WNGH-FM
- Chatsworth, Georgia; United States;
- Frequency: 98.9 MHz
- Branding: GPB Radio

Programming
- Format: Public radio
- Affiliations: American Public Media, National Public Radio, Public Radio Exchange

Ownership
- Owner: Georgia Public Broadcasting; (Georgia Public Telecommunications Commission);

History
- First air date: November 13, 1976
- Former call signs: WQMT (1976–2008)
- Call sign meaning: North Georgia Highlands

Technical information
- Licensing authority: FCC
- Facility ID: 2309
- Class: C3
- ERP: 420 watts
- HAAT: 541.8 meters (1,777.6 feet)
- Transmitter coordinates: 34°45′2.3″N 84°42′52.7″W﻿ / ﻿34.750639°N 84.714639°W

Links
- Public license information: Public file; LMS;
- Webcast: Listen Live
- Website: gpb.org/radio/

= WNGH-FM =

WNGH-FM (98.9 FM) is an NPR-member public radio station (via its radio network), licensed to Chatsworth, Georgia, United States. The station is currently owned by Georgia Public Broadcasting (GPB), which the station simulcasts all radio programming from. It transmits from atop a mountain in the west-southwestern part of Fort Mountain State Park (not Fort Mountain itself), having moved in May 2008 to the tower of sister television station WNGH-TV.

==History==
The station began broadcasting as a commercial operation on November 13, 1976, and held the call sign WQMT. It was owned by Cohutta Broadcasting Company.
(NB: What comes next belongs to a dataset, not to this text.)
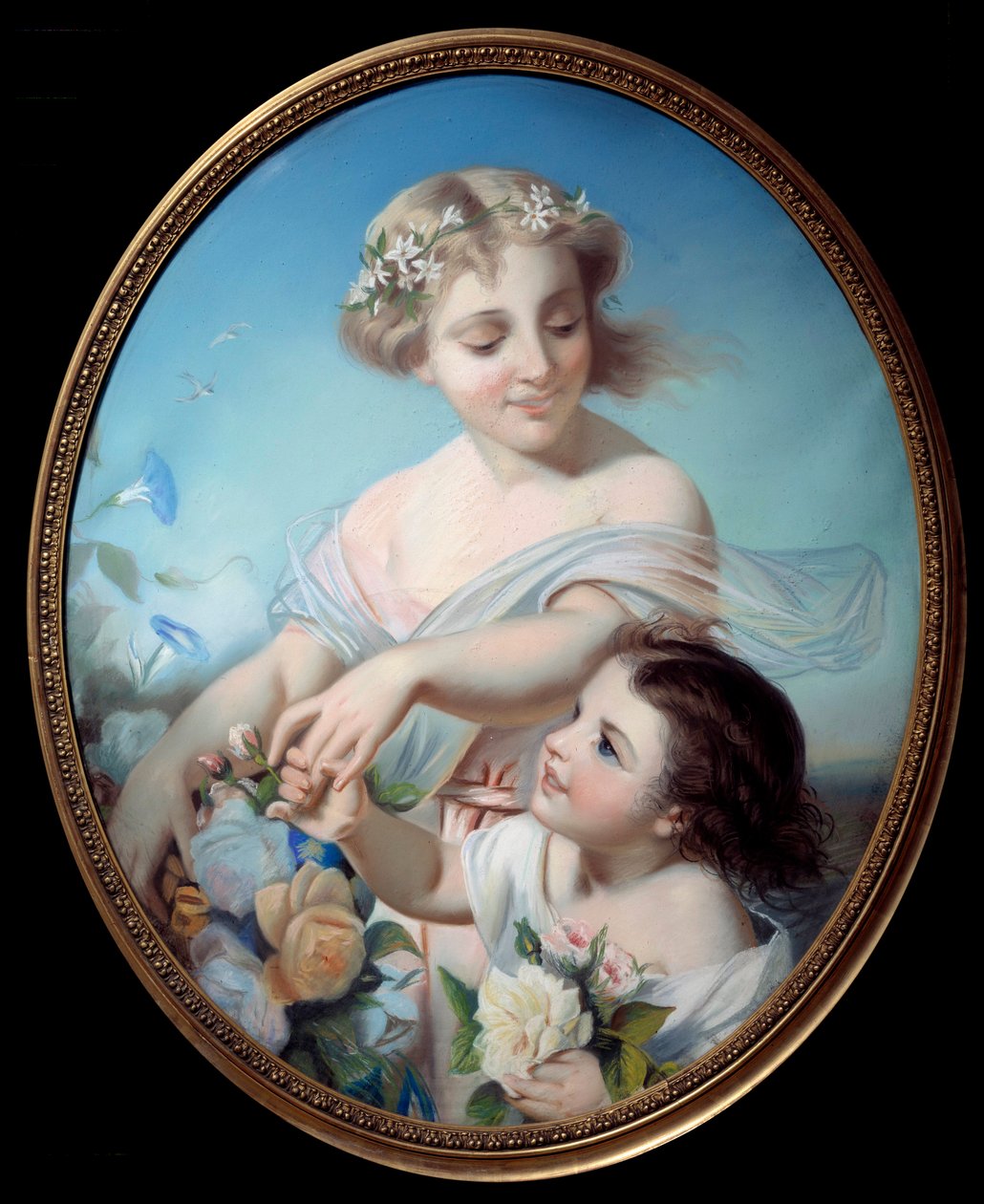 Yaz alegorisi Bir anne ve torunu çiçek buketleri tutuyor. Anonim resim. 18. yüzyıl Rouen, Musee des Beaux Arts by Anonymous Anonymous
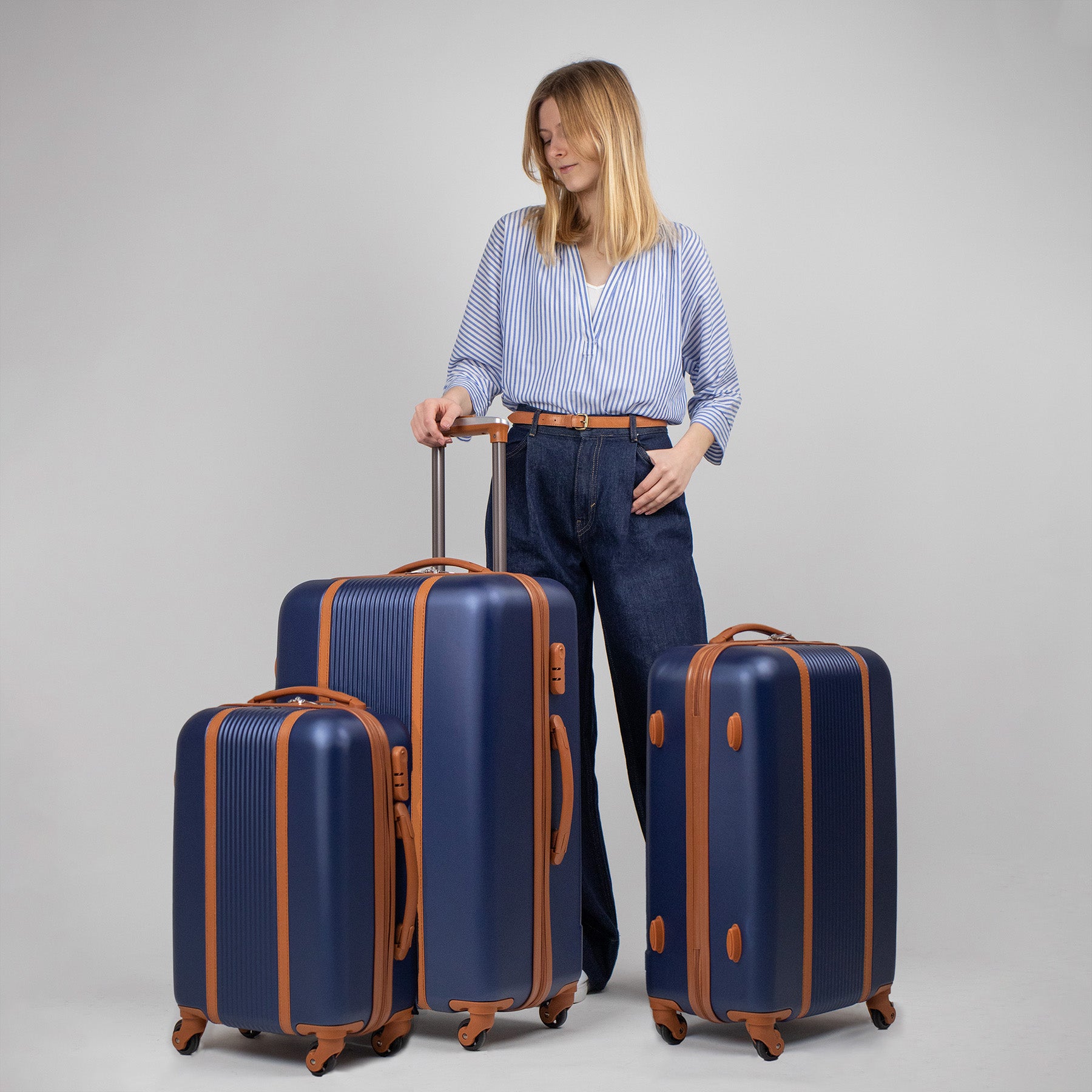 luggage set 3-kofferset-xb05 FERGÉ ABS-Leather MILANO parent 38330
On December 21, 2007, then-owners North Georgia Radio Group entered into an agreement to sell the station, still known as WQMT, to the Foundation For Public Broadcasting In Georgia, Inc., which shares the same street address as the GPB headquarters in Atlanta. The sale was approved by the Federal Communications Commission (FCC) on April 9, 2008. Pending the sale, GPB reserved the call sign WNGH-FM for the station, to be assigned upon consummation. GPB also chose to change the callsign of WCLP-TV to WNGH-TV. The station switched from its previous classic country format (branded as "Georgia 99") to GPB programming on January 2, 2008, and later moved to the WNGH-TV tower around May 2008.

Despite broadcasting at a relatively modest 420 watts, WNGH-FM provides city-grade coverage to much of far northern Georgia, including Dalton, and provides secondary coverage to much of the Chattanooga, Tennessee area, including much of Chattanooga itself. This is because its transmitter is located 1,778 feet above average terrain.

Effective June 30, 2016, the Foundation For Public Broadcasting in Georgia donated WNGH-FM to the Georgia Public Telecommunications Commission, the state entity that supervises GPB, making GPB the direct licensee.